I have a confession to make. It’s true that Marc Hunter (Unlawful Contact) has been duking it out with Gabe Rossiter for my favorite I-Team series hero for some time now. But, in that tussle, Gabe almost always wins by a whisker (or a goatee actually). I could not wait for Gabe’s voice to come through my earbuds. Gabe has been a manwhore ever since his fiancée died three years earlier and he’s a dirty talker. He’s also wounded and alone even if he doesn’t acknowledge it. Be still my heart. He’s extremely well muscled and can do 128 pull ups in a row. He climbs, skis, rafts, sleds, and generally loves any extreme sport available and is gorgeous – exactly who I’d like to be rescuing me after a rock fall.
Kat James, a reporter for the I-Team, is a half Navajo (although she identifies as fully Navajo) who grew up on a reservation in Arizona. Since moving to Denver, she’s made friends with the local Native American community and regularly participates in their ceremonies. She’s a virgin (yes, that’s right, this is a virgin-and-a-manwhore book) but it works because her heritage and culture are not just things she thinks about occasionally – they are deeply ingrained and beloved. Her personal history and her culture mean that she won’t give it up for just anyone, even super hot Mountain Parks Ranger Gabe Rossiter. And even though Gabe is super hot, it is not that which makes the difference with Kat. These things would not have worked for me except for Kat’s cultural differences.
Through Kat’s value of herself, Gabe starts to see value in himself also and he finally heals from the wounds of three years before. But while this is happening, there is trouble at Mesa Butte; a beloved Native American elder has been murdered and Kat’s life is repeatedly threatened as she investigates the strange goings on. The suspense plot is seamlessly woven into the romance and intrinsically twined with Kat’s culture and heritage. In fact, the way the Native American culture is portrayed in the book is one of its (many) joys.

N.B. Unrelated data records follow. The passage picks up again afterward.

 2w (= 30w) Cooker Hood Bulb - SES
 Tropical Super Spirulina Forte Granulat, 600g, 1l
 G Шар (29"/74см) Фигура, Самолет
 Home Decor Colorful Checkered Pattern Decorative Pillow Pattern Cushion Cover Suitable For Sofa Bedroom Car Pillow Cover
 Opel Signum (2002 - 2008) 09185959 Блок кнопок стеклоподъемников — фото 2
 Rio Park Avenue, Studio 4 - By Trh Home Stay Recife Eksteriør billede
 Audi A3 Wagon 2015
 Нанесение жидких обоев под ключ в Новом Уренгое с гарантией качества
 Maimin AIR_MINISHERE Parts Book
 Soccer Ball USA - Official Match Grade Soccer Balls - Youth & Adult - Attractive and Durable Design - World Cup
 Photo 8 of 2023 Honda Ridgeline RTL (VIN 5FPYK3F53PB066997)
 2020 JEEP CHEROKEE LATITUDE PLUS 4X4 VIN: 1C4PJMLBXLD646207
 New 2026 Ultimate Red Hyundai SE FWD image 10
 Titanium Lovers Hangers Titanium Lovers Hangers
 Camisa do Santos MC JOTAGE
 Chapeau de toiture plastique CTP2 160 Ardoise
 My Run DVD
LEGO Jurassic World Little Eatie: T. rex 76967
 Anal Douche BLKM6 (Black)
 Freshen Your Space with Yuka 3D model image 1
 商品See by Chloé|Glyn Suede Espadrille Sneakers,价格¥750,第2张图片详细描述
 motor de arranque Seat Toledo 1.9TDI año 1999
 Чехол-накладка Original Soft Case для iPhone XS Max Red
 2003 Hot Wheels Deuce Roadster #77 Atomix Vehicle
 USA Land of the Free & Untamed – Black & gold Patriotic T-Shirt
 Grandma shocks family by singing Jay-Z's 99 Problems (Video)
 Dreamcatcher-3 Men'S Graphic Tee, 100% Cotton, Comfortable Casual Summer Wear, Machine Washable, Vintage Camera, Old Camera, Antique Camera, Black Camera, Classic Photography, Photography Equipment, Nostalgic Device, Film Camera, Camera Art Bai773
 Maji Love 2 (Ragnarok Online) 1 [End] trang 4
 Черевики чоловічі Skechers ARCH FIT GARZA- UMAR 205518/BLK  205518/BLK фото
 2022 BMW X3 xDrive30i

There is more romance in Naked Edge than the others in the series. The couple is together more (and lots of Gabe’s dirty talk and even sexy games!) and plenty of time for the listener to hear Kat and Gabe fall in love.
In terms of the narration, I loved the way Kaleo Griffith voiced Kat – her Navajo heritage clear but not overdone or caricatured. The other Native American characters were also well depicted. Gabe sounds much like Marc – there is only a subtle difference between the two when they are talking together – nowhere near as much difference as when Darcangelo speaks and they sound exactly the same when they yell (all the heroes do). It’s something I’ve noticed because I’ve listened to the books fairly close together. It’s not really a problem. Just an observation. In any event, hearing Gabe talking dirty to Kat is even better than reading it. Even though I was blushing quite a bit during the listen. And then I wondered, “Does Kaleo blush when he’s reading the love scenes?”
There were some vocal errors in the listen and it made me wonder if the production was a little rushed? For example, “poised coital” instead of “post coital.” It’s not a huge deal, but I did notice a few errors in this one – maybe six or seven – more than in the previous books.
I love the bromance between Julian and Marc and Gabe’s eventual inclusion in it (I feel a bit sorry for Reece – he’s kind of the odd one out here). Gabe had lost his friends when his fiancée died and it was nice to hear him regaining friendships, which were not based on his girlfriend’s friends. You can hear that the men would click with each other regardless.
Listening to Gabe and Marc (and Julian and Reece), well, Gabe still wins – possibly it’s the dirty talk!
Book Content: A-
Steam Factor: Glad I had my earbuds in
Violence: Fighting/Escalated Fighting
Genre: Romantic Suspense
Publisher: Tantor Audio
Naked Edge was provided to AudioGals for review by Tantor Audio.